● Aim of the exercise: The task for the listing below is to write out exactly the lines starting at the one containing "Gluten-free pistachio vanilla cookies" and ending at the one containing "Women's Solid Contrast", both included. Pictures are to be omitted.

● Data provided:
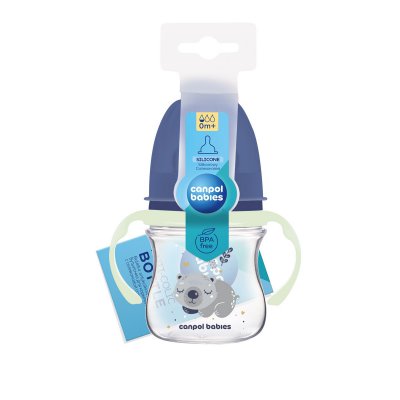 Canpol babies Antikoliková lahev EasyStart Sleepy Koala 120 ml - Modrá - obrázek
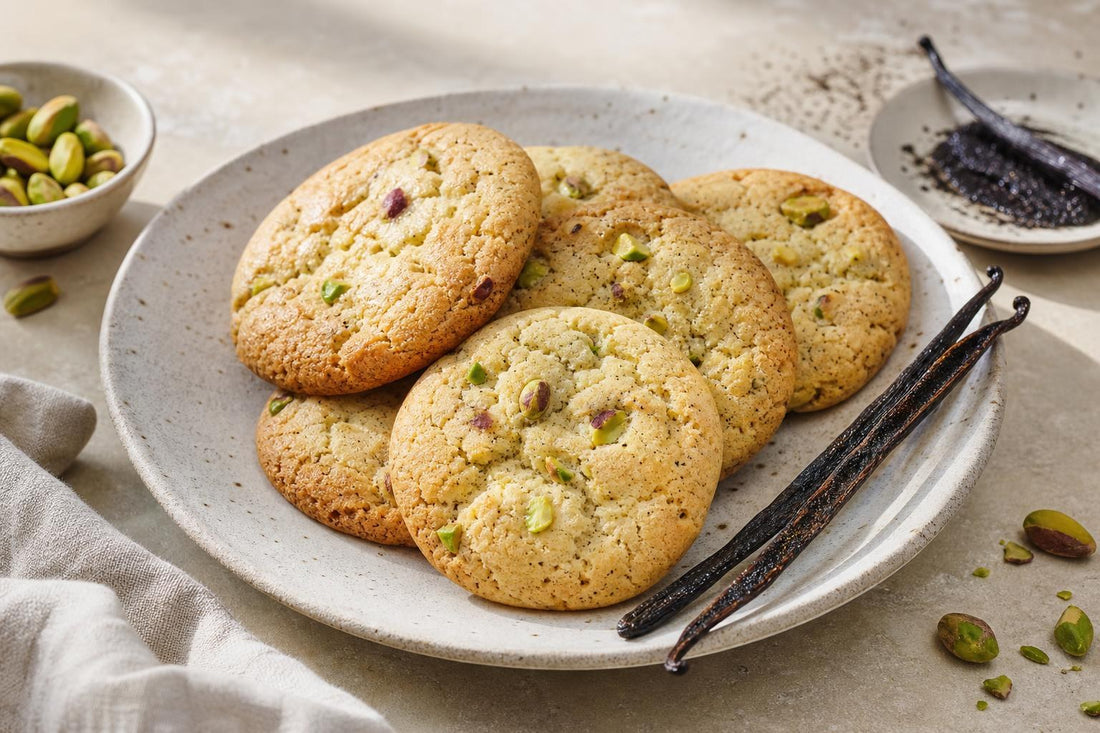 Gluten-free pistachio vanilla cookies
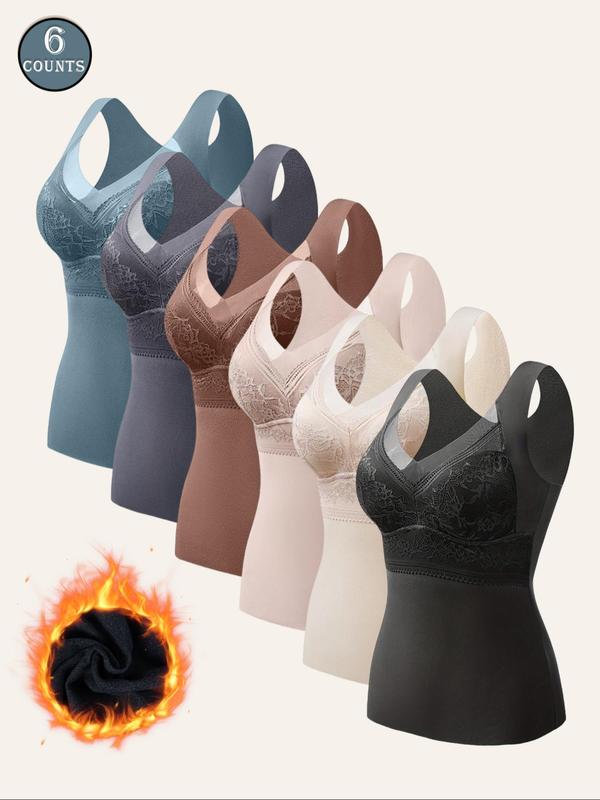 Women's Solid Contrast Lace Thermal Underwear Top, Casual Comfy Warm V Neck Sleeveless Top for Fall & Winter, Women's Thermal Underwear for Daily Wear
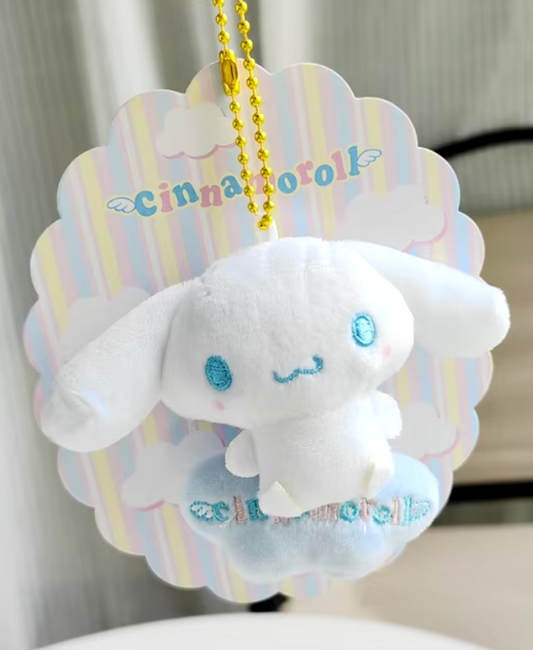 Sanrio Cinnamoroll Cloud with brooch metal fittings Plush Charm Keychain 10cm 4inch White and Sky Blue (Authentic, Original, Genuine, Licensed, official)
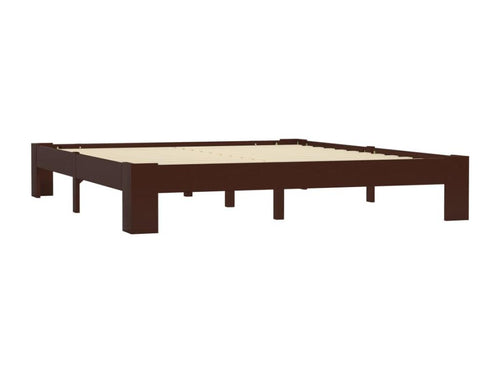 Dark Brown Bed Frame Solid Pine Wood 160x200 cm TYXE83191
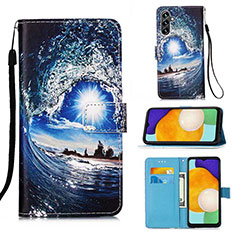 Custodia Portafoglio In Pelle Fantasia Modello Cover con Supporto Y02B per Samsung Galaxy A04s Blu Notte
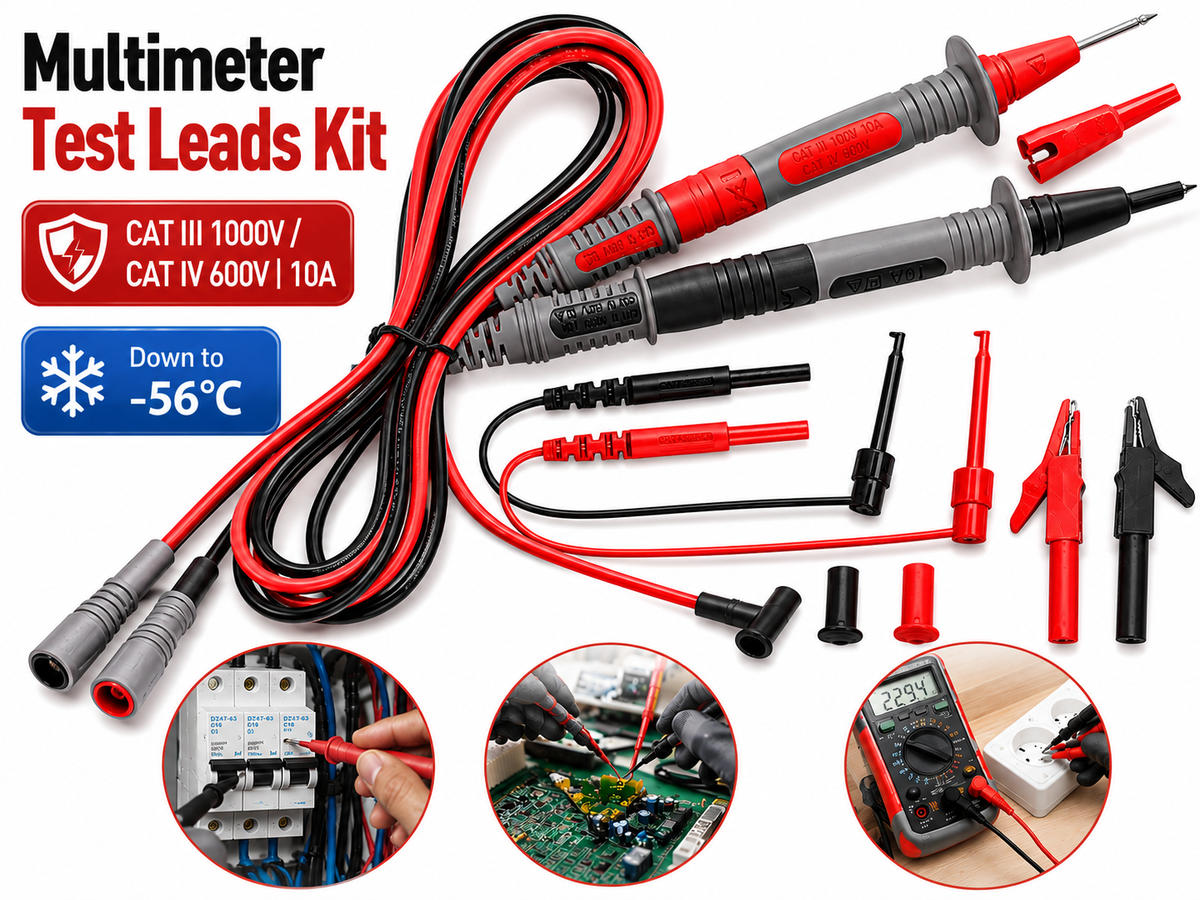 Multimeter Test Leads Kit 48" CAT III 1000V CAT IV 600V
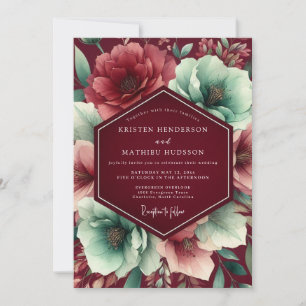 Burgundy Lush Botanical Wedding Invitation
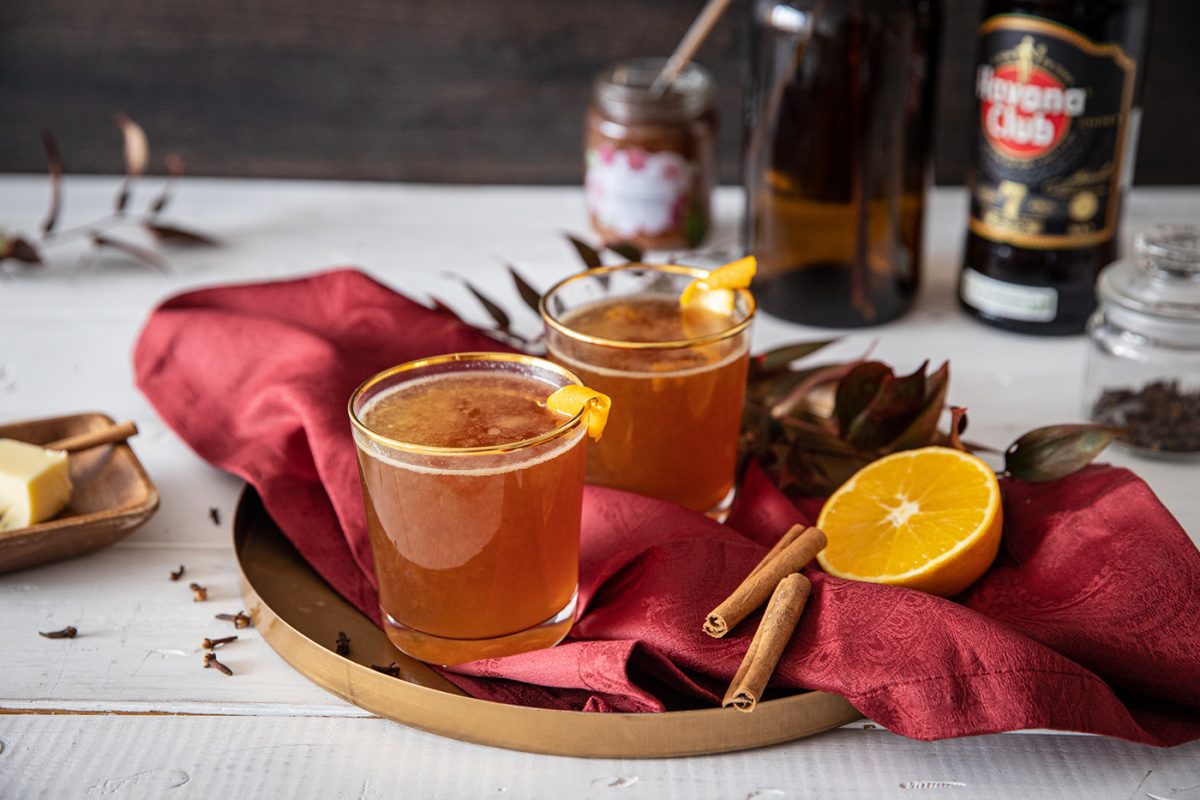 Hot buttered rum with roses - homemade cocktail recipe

● Task output:
 Gluten-free pistachio vanilla cookies
 Women's Solid Contrast Lace Thermal Underwear Top, Casual Comfy Warm V Neck Sleeveless Top for Fall & Winter, Women's Thermal Underwear for Daily Wear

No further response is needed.